I am the last person to finish. I raise my hand and one of the researchers comes over and reviews my questionnaire. Four drinks and a bottle of water in a little over 45 minutes; I cross my legs and ask for permission to go pee. He gives me the okay and I head to the door, but I'm blocked by a large woman making her way back from the lobby with half of a complimentary sandwich crammed into her mouth. I scamper around her, doing an awkward speed walk all the way to the men's restroom.
I return much more relaxed, but then one of the researchers calls me over. There's a problem with one of my answers. "You wrote that you hadn't had a frozen malt beverage in the past four weeks," he says.
"That's because I haven't."
"Well, if you wouldn't have had any in the last four weeks, " he replies, "then you wouldn't have qualified for the study."

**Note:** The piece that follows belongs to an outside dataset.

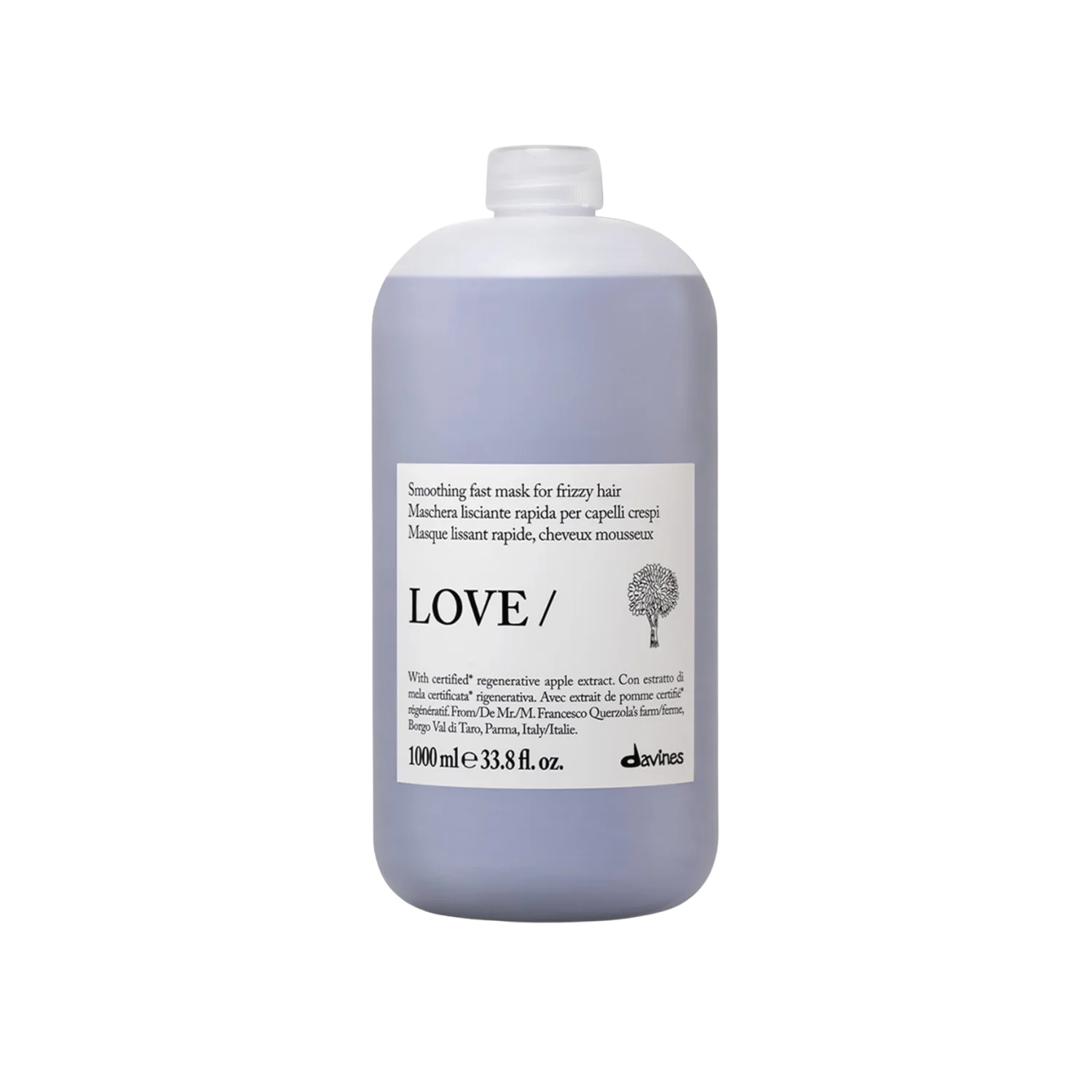 davines love smoothing hair mask liter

"Oh, no, I forgot," I stammer. "I had a Zima about three weeks ago. Uh, cherry-flavored."
The researchers put a special mark on all of my questionnaires; I think I've just been blacklisted. At the front of the room, Laurie is in a little huddle with her husband, Jessica and John. They mutter and look over at me. Did Laurie catch me trying to read her name tag and respondent number while I was taking notes, and think I was staring at her boobs? How hard do you think record-store-clerk-husband can swing that messenger bag?

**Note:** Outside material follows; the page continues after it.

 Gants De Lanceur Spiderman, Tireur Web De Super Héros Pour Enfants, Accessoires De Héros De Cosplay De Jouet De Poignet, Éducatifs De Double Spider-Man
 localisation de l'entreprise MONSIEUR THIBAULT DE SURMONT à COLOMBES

Please select one: hard, very hard, extremely hard.
Maybe I'm just being paranoid, or maybe this green apple is seriously messing with my brain.
My designated driver appears. "How was it?" she asks, and I start complaining loudly about the sugary nature of my drink.
The sandwich-eating woman pipes up from behind us: "Who cares about your opinion, anyway?"
"Yeah," says a goateed guy standing next to her. "What we just drank today, college freshmen all over the U.S. will be drinking next year."
Are they being sarcastic? I can't tell. I just give a halfhearted "Yeah" and take my check from the Cunningham people. The first thing I will do with the cash is buy my designated driver and myself a drink at the nearest restaurant: whiskey, to stab this goddamned taste out of my mouth. I don't just need to cleanse my palate; I need a power wash, like that stuff city workers use to remove graffiti. If there isn't a drink like that, some company should invent it. And then it can do test-market research on people like me who have just come out of other test-market studies.
My designated driver and I push through the wide glass doors and go out into the cool summer night. After surviving the frosty gauntlet, I'm walking with a little manly swagger. Jessica, John, Laurie and Laurie's husband are standing in a circle under the large carport. They've been waiting for me. "Are you some kind of double agent for another company?" Laurie asks. They saw me taking notes and wonder if I'm a spy for Absolut or another brand looking to get a jump on the hot Malternative market. Or maybe I'm an undercover quality-control expert for Smirnoff, making sure that Cunningham is testing its products correctly.
"Because we want to know how we can get in on that," Laurie says. "Getting paid twice for one test study, that'd be great."